Il existe des liens directs entre les bonnes pratiques usuelles en matière de gestion des systèmes informatiques, la résilience opérationnelle face au changement technologique, et la plupart des points soulignés par les régulateurs.

Les cinq principes suivants peuvent constituer la base d’une vision stratégique de la gestion du changement technologique pour les entreprises de services financiers :

1 – Proactivité : les entreprises doivent adopter une attitude proactive en matière de gestion du changement informatique. Il peut y avoir des motivations à court terme pour retarder de gros programmes, mais une entreprise qui traite l’obsolescence le plus tôt possible peut par la suite récolter des dividendes. La complexité augmente avec le temps, et les systèmes plus complexes sont plus difficiles à exploiter et à rationaliser.

2 – Investissements : un programme stratégique de gestion du changement informatique est, par définition, vaste. Il doit être soutenu par un budget adapté, réunir les principales parties prenantes de l’entreprise et disposer de suffisamment de temps et de ressources.

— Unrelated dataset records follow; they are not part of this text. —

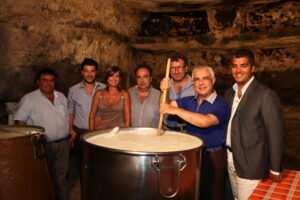 Notte dei Sapori, ispica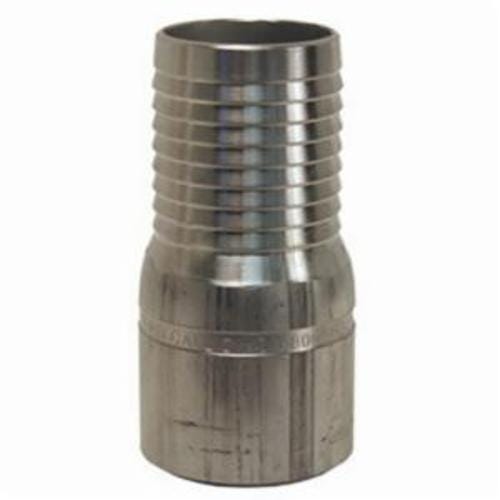 Dixon® ASTB60 King™ Combination Nipple, 6 in, Beveled, Aluminum, Domestic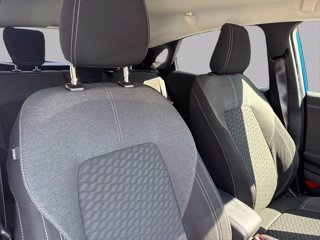 FORD Puma m-hybrid Titanium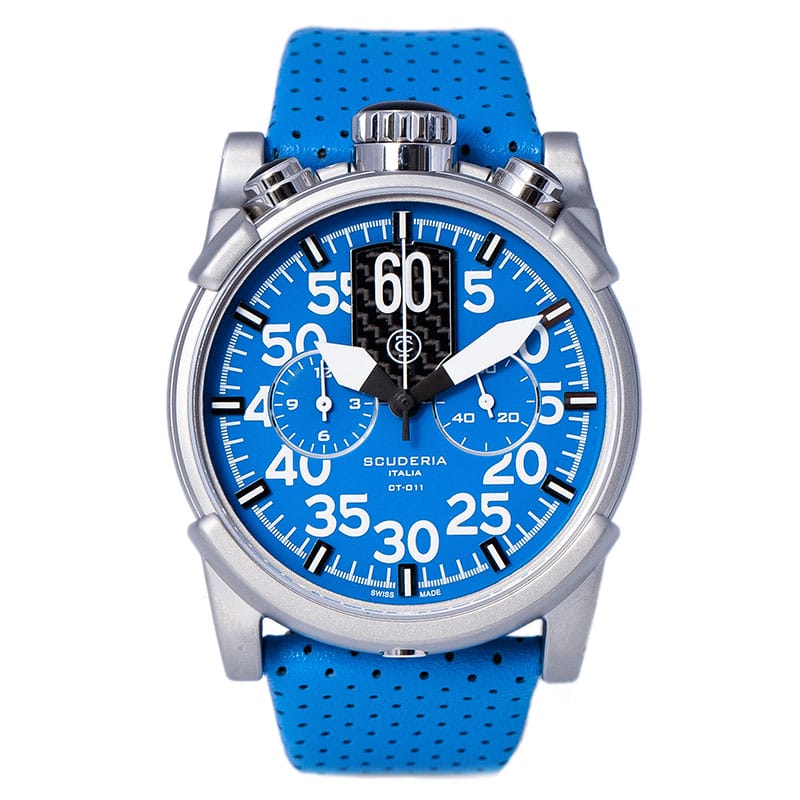 CT Scuderia Men’s Wristwatch 46MM USD 800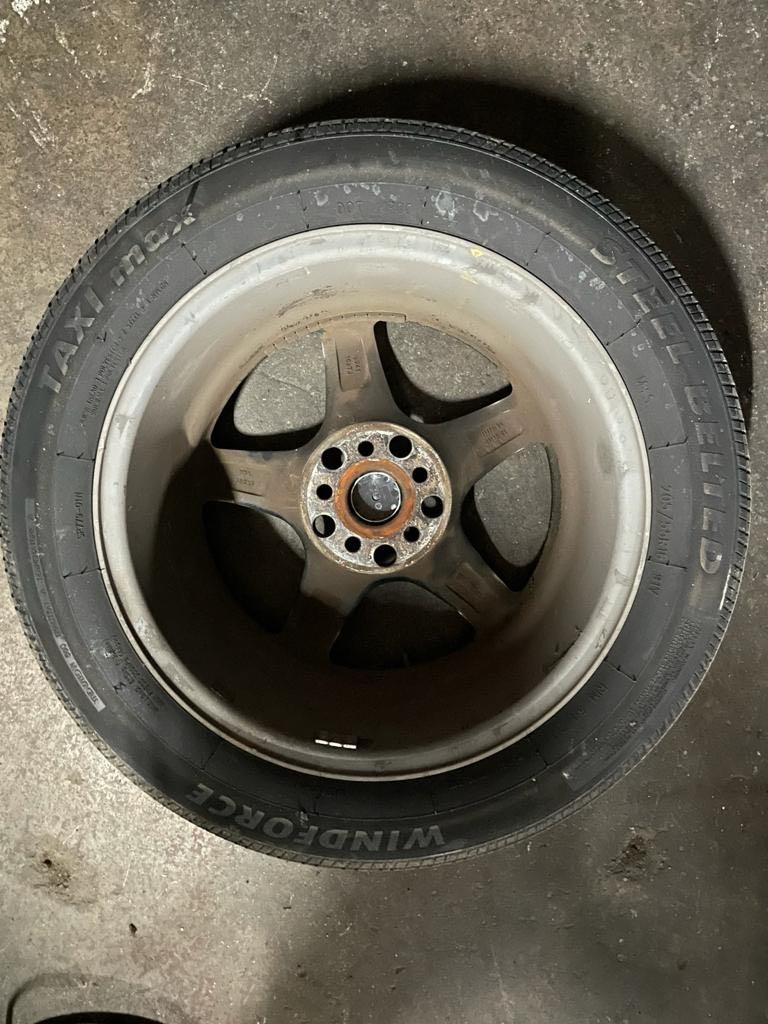 SSW RIMS, Car Accessories, Tyres & Rims on Carousell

Les conseils d’administration doivent être impliqués, compte tenu de l’importance stratégique de ce sujet, et les superviseurs voudront voir des preuves d’une gouvernance solide et d’une implication appropriée de la direction.

3 – Capacité et « mémoire musculaire » : il est peu probable que le rythme du changement informatique se ralentisse à mesure que l’innovation technologique se poursuit. Plutôt que de voir chaque changement comme un événement individuel, les entreprises doivent optimiser les capacités pour tirer les leçons des changements précédents, réduire les fenêtres de préparation et minimiser le risque d’erreur grâce à des plans d’exécution robustes mais flexibles. Ces plans devraient être utilisés dans les programmes de changement quelle que soit leur taille.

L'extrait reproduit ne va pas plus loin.